--- WHAT TO DO ---
Beneath this task are the entries; from the line with "Image of little" through the last one, transcribe every line exactly and nothing else, skipping pictures.

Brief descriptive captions
- Opening Delimiter -

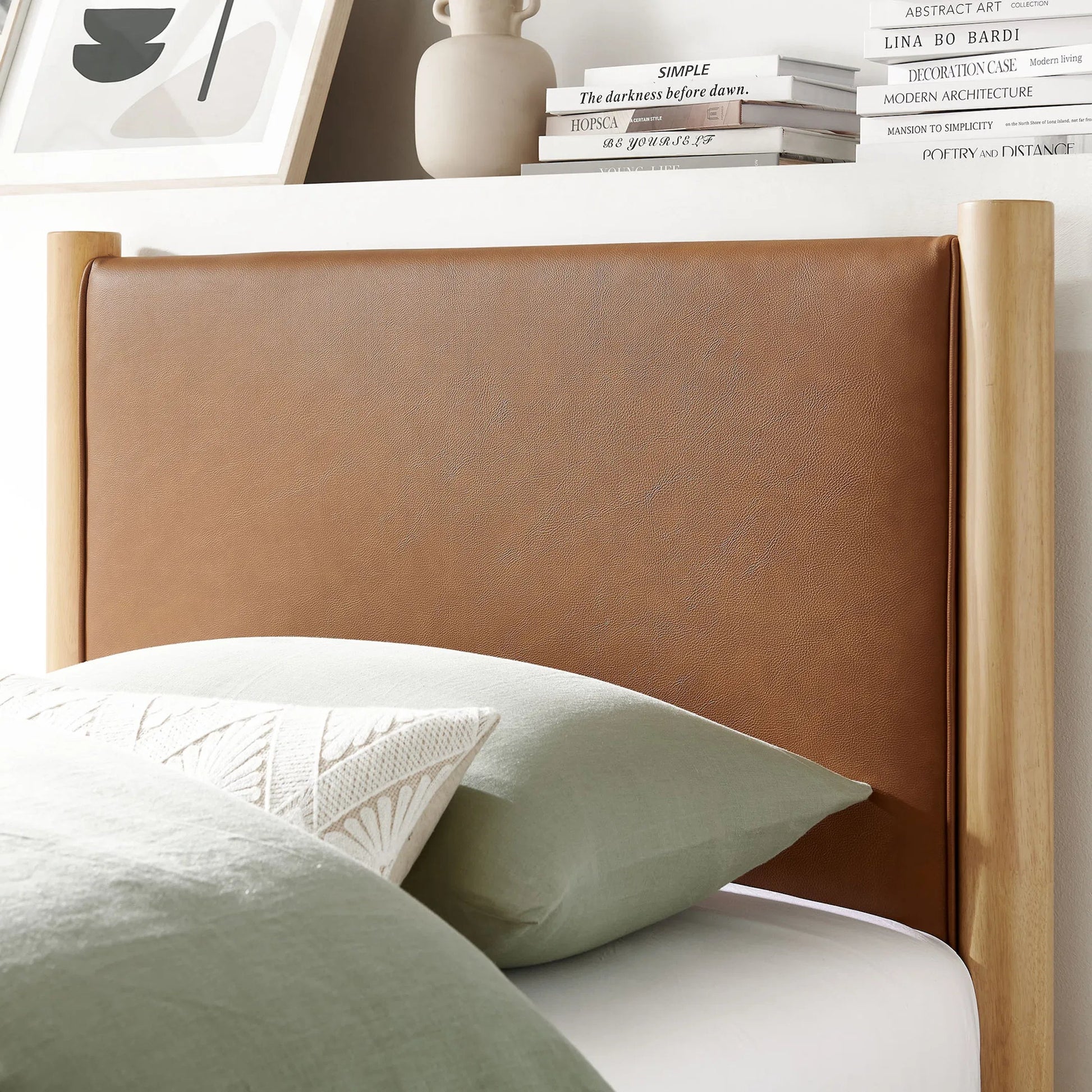 Sevier Size Vegan Platform Bed by Evans & Londeen. Made from vegan leather upholstered in a transitional style.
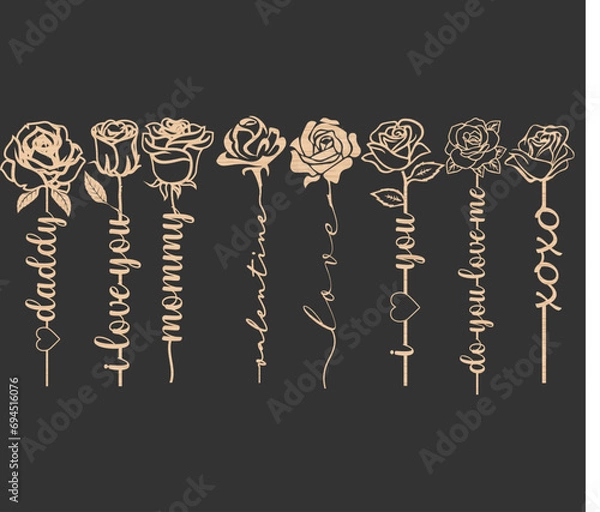 Obraz Rose Flower Laser Cut Bundle Design 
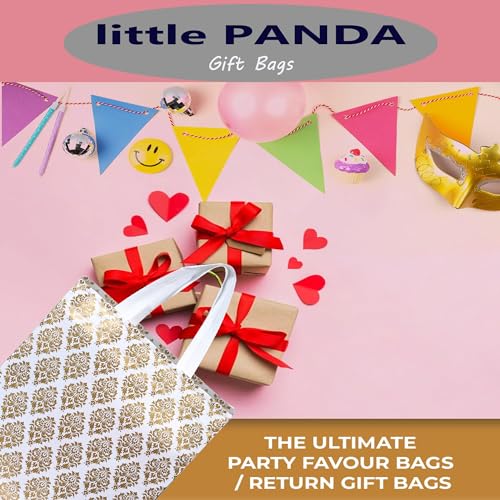 Image of little PANDA Canvas Shopping Carry Bag for Wedding Return Gifts Bags for festive Occassion, White Printed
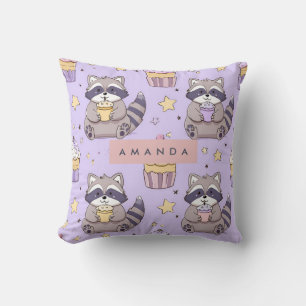 Coussin Raccoons Kawaii personnalisés avec Motif Cupcakes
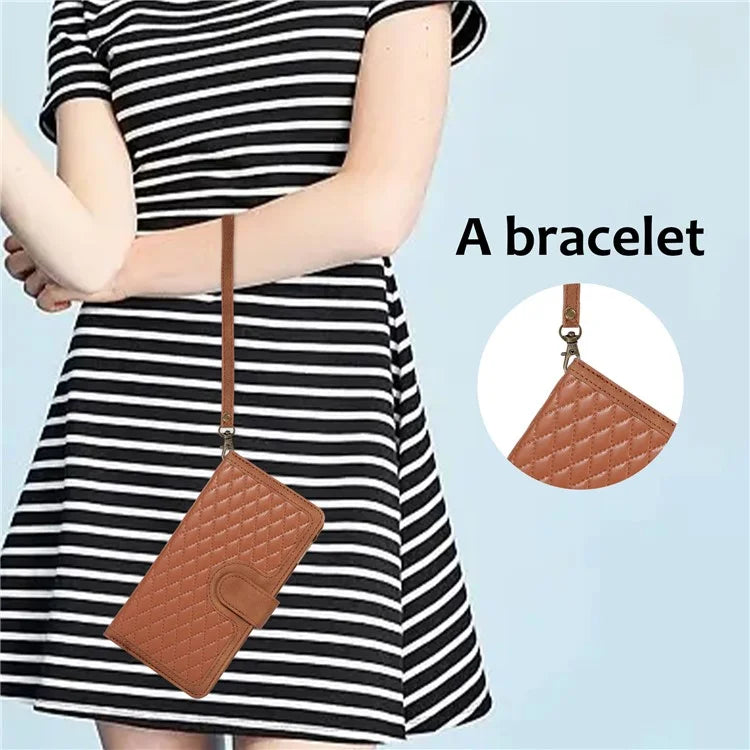 For Samsung Galaxy A05s 4G Case Zipper Leather Rhombus Grid Imprinted Phone Protector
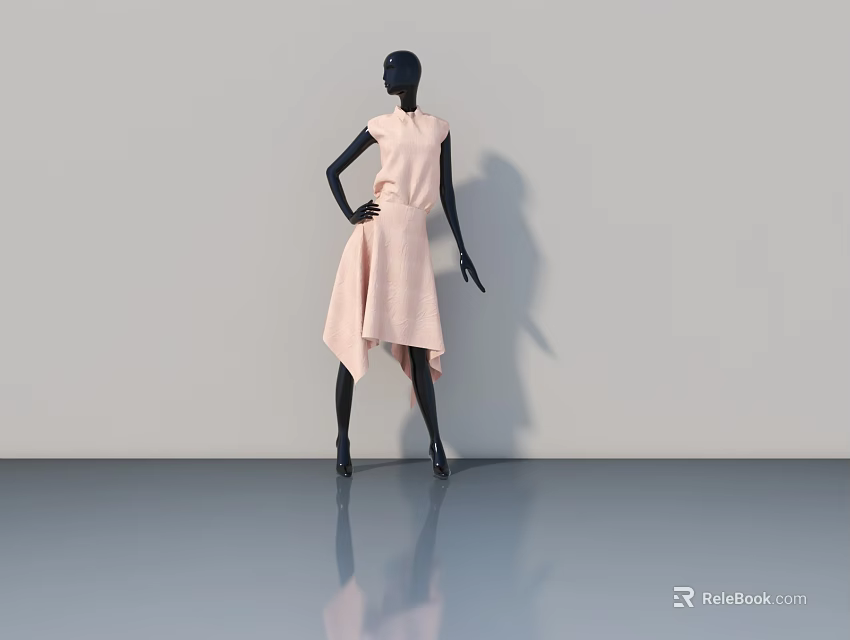 Modern Pink Swing Door Design With Gray Background And Smooth Surface 3d model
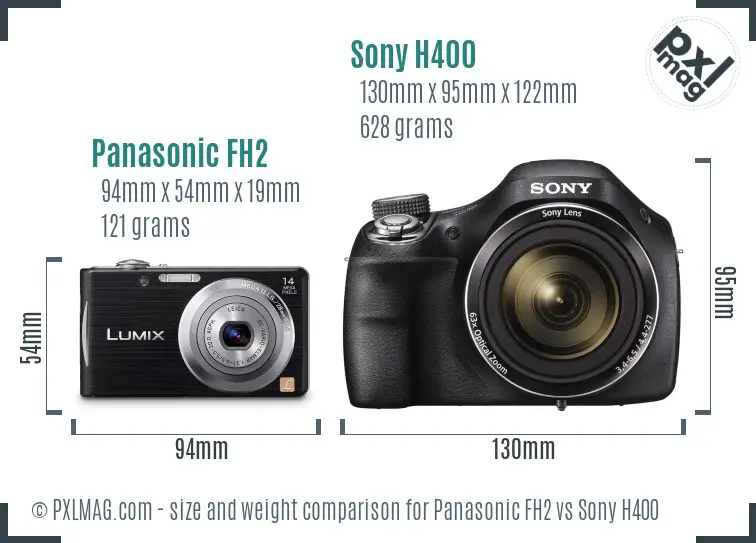 Panasonic FH2 vs Sony H400 size comparison
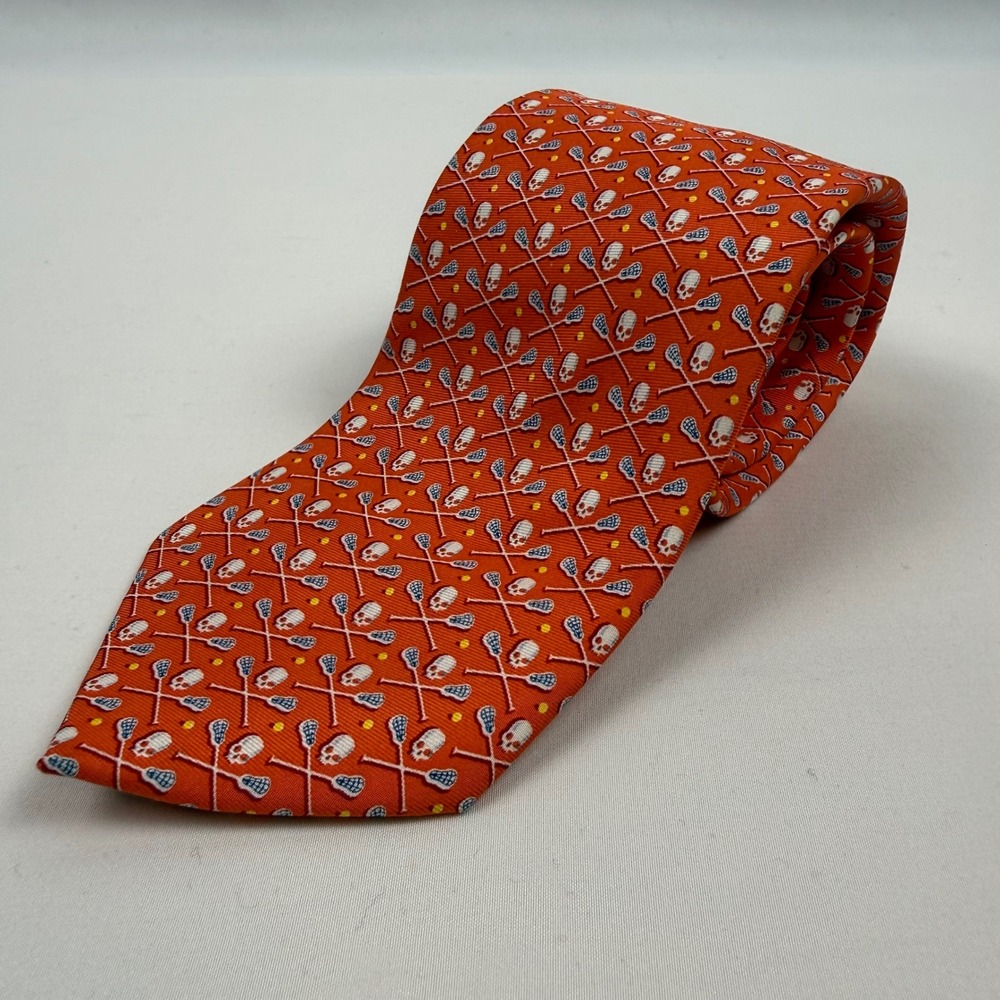 Bird Dog Bay Mens‎ Orange Lacrosse Stick Skull Print Silk Neck Tie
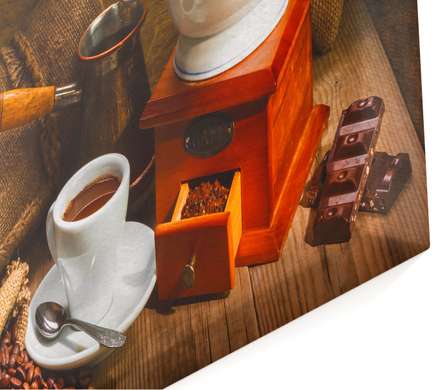 Modular picture, coffee maker and coffee on the table., 198 x 115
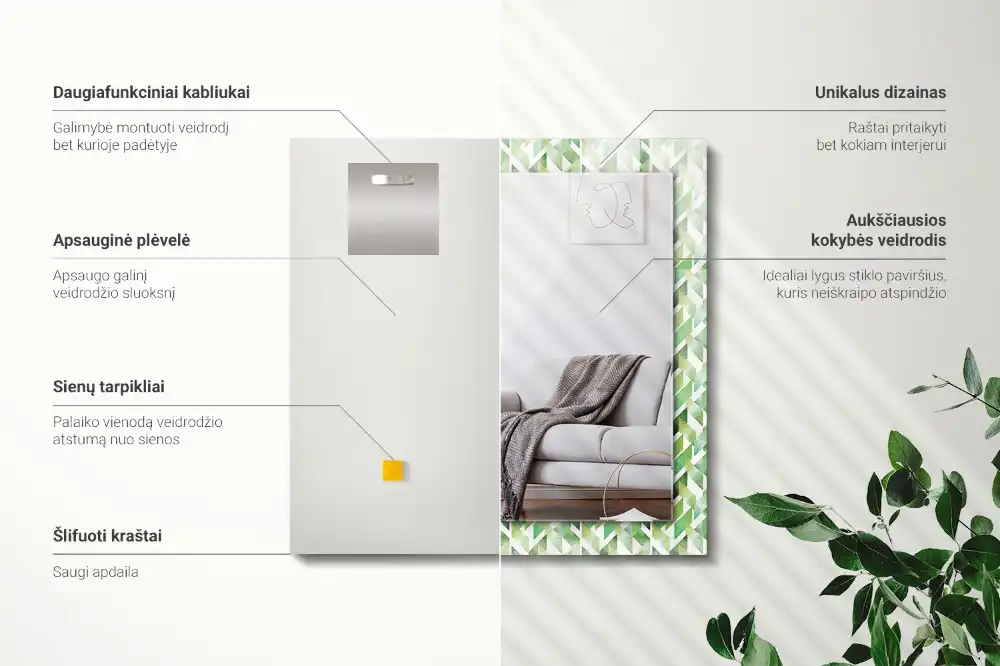 Dekorativ spegel med tryck Grönt geometriskt mönster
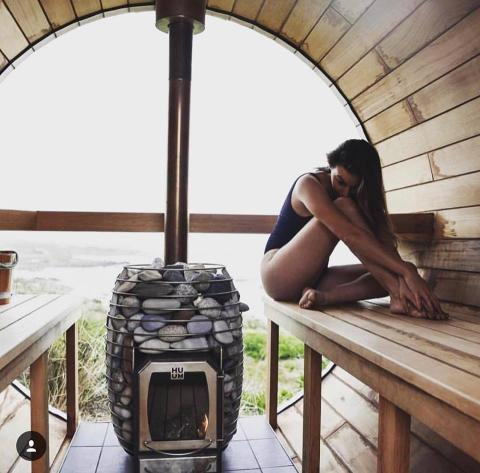 Wood Stove in Barrel Sauna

- Closing Delimiter -

--- ANSWER BOX ---
 Image of little PANDA Canvas Shopping Carry Bag for Wedding Return Gifts Bags for festive Occassion, White Printed
 Coussin Raccoons Kawaii personnalisés avec Motif Cupcakes
 For Samsung Galaxy A05s 4G Case Zipper Leather Rhombus Grid Imprinted Phone Protector
 Modern Pink Swing Door Design With Gray Background And Smooth Surface 3d model
 Panasonic FH2 vs Sony H400 size comparison
 Bird Dog Bay Mens‎ Orange Lacrosse Stick Skull Print Silk Neck Tie
 Modular picture, coffee maker and coffee on the table., 198 x 115
 Dekorativ spegel med tryck Grönt geometriskt mönster
 Wood Stove in Barrel Sauna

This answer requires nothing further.